Shur was a desert region in the north of the Sinai Peninsular. It was bounded by Egypt on the west (the border being along the line of the present-day Suez Canal), and the Negeb on the east (the border being along the Brook of Egypt) ( Genesis 20:1;  Exodus 15:22;  1 Samuel 15:7;  1 Samuel 27:8). The main inland route from Egypt to Jerusalem passed through the Wilderness of Shur and the Judean towns of Beersheba and Hebron ( Genesis 13:1;  Genesis 13:18;  Genesis 16:7;  Genesis 21:14;  Genesis 46:5). (For further details see Palestine sub-heading ‘Negeb’.)
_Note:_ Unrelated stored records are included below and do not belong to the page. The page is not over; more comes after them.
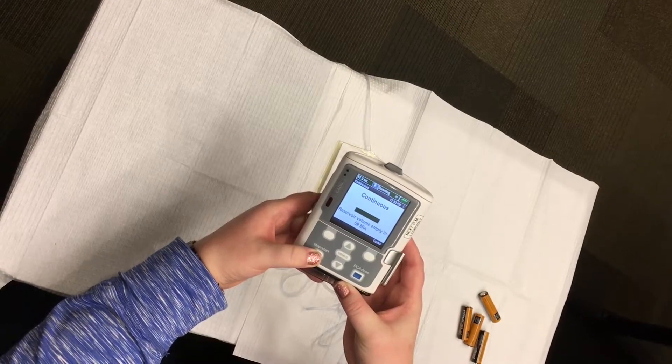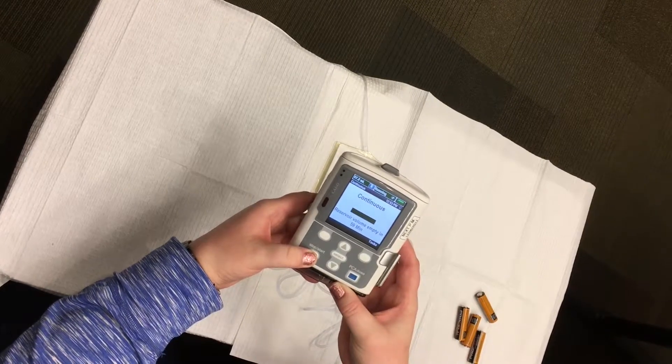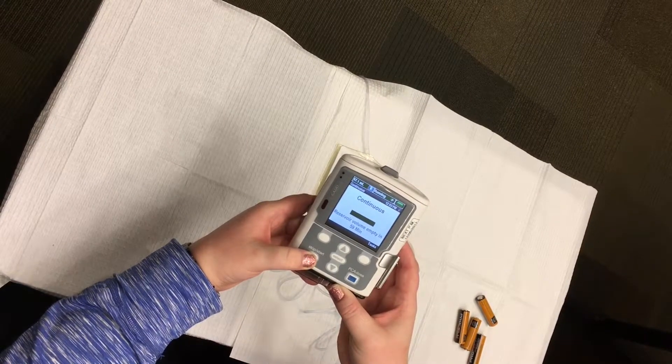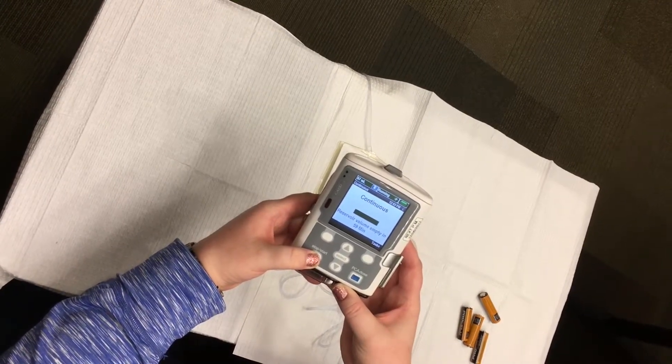Remember to always take extra batteries with you whenever you leave your home. We hope this video serves as a reminder of what your PIPSRN taught you during your admission visit. If you have any further questions or concerns, please call us so we can help.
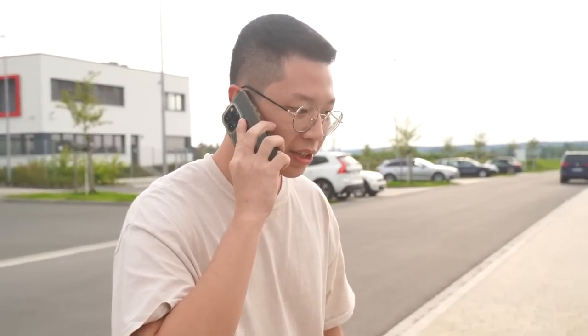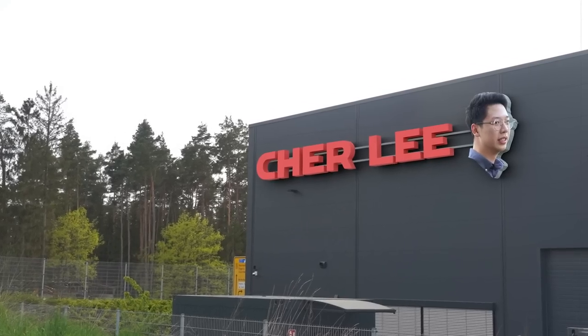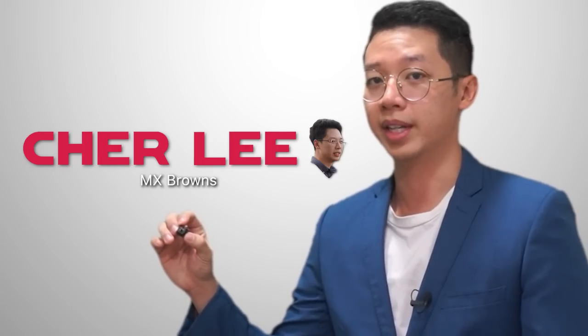I need your help. Hi, I'm John Lee. A couple of weeks ago, a good friend of mine called me up and asked me for a favour regarding a certain company. And so I bought that company. We here at Cherry Lee are proud to present our exclusive and one-and-only switch: the Cherry Lee MX Brown.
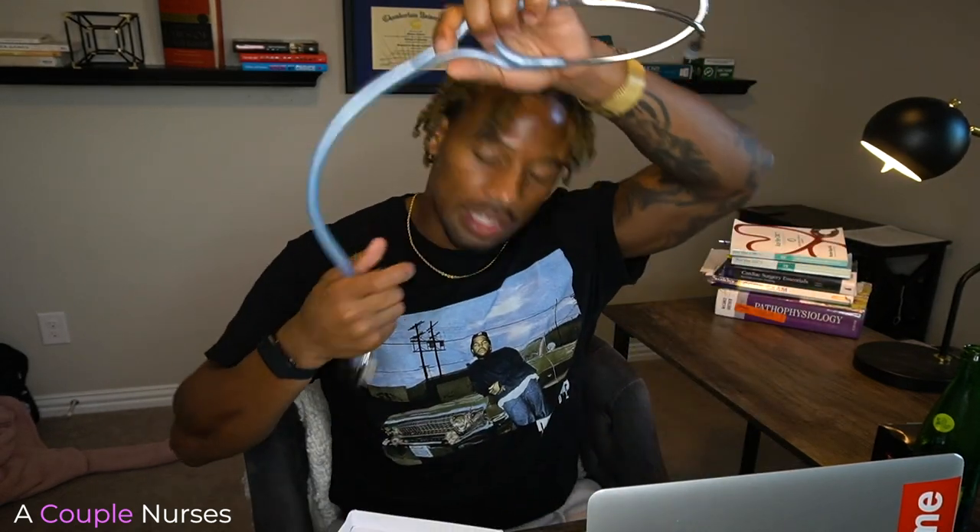So this comes with the stethoscope — it's a nice size, you can feel it's a lot more dense than my Littmanns, a little weight to it. It also comes with some additional earpieces — four of them. It says 'accessories beneath the tray,' let's see what's under there. It looks like something you just kind of put on here.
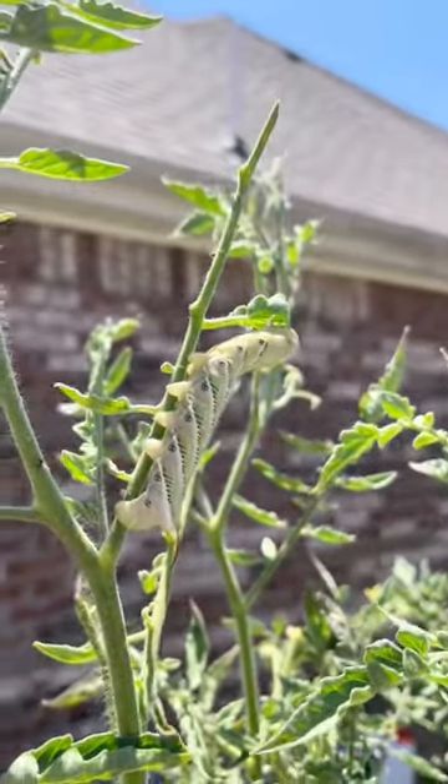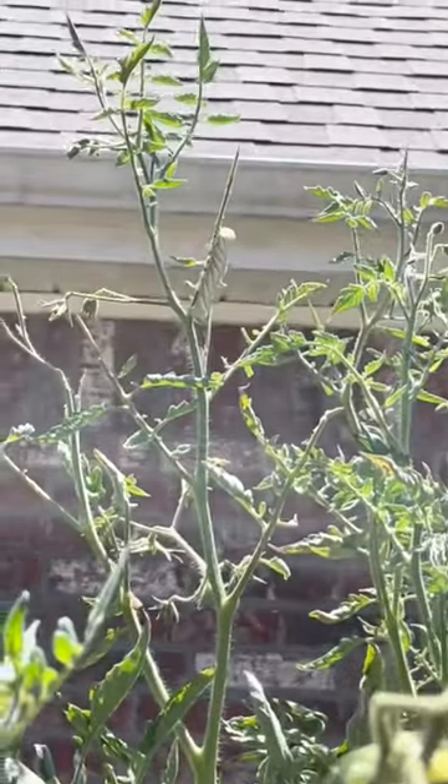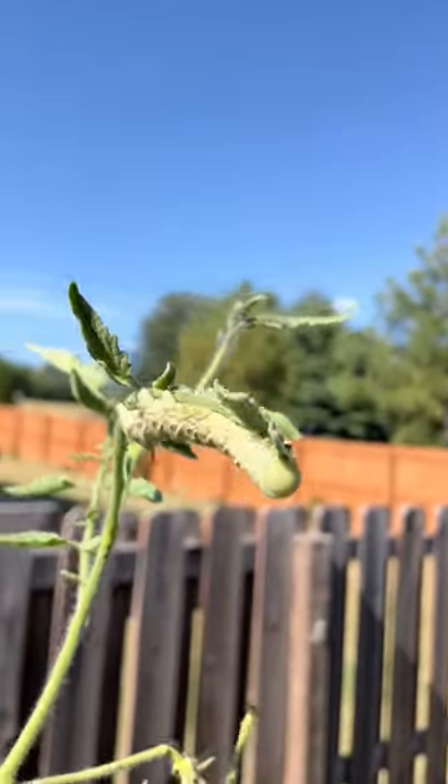Tomato hornworms will destroy your tomato plants. Because they're green, they can blend in with your plant, making them extremely hard to find. They tend to show up at the tops of your plant where the leaves are most tender.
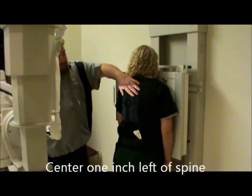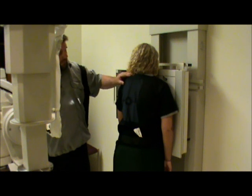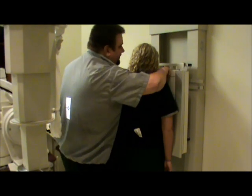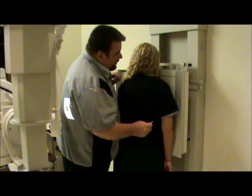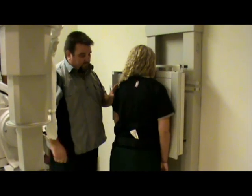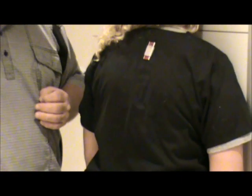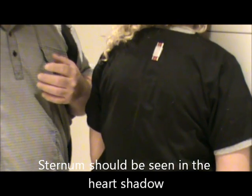Our collimation is going to be to the sternum itself lengthwise and then about four inches wide. For marker placement, the patient is in an RAO position so we are going to use the right marker. We can either put it on the patient on the back of their shirt, which is probably the easiest way, or you can put it on the board. What we're trying to do with the oblique is visualize the sternum in the heart shadow.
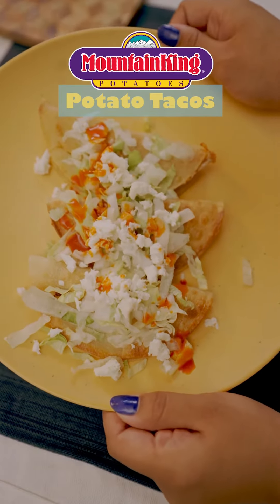Hey everyone! Welcome back to another Mountain King potato video. Today we'll be making potato tacos. Let's get right to it.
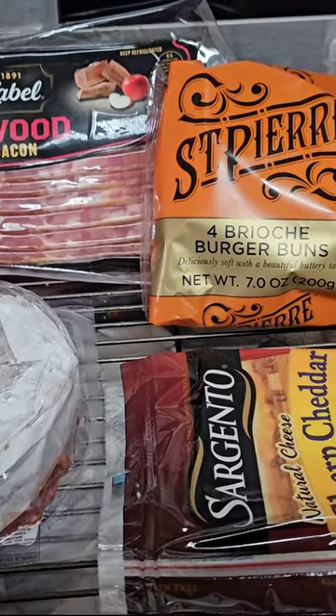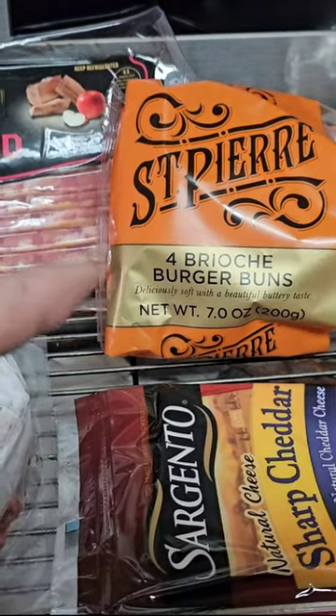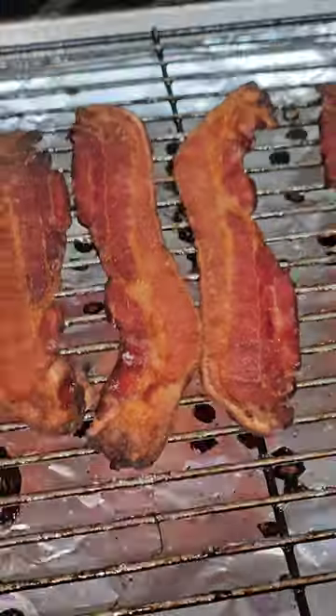I'm going to be making some bison smash burgers. Got some applewood smoked bacon, some brioche buns, some sharp cheddar, and of course the bison patty.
Fausset's Bible Dictionary [2]

Outside the eastern border of Egypt. ("a wall".) The strip of desert which skirts the wall-like range of Jebel Er Rahah (E. Of Suez, The Continuation Of The Range Jebel Et Τih Northward Toward The Mediterranean, Still Called By The Arabs Jebel Es Sur) as far S. as wady Gharandel. Hagar fleeing from Abraham, then in southern Palestine, reached a fountain "in the way to Shur" ( Genesis 16:7). She was probably making for her country Egypt by the inland caravan route, the way by Star over jebel er Rahah as distinguished from the coast road by el Arish. Abraham settled for a time between the two deserts of Kadesh and Shur, and finally sojourned at Gerar ( Genesis 20:1).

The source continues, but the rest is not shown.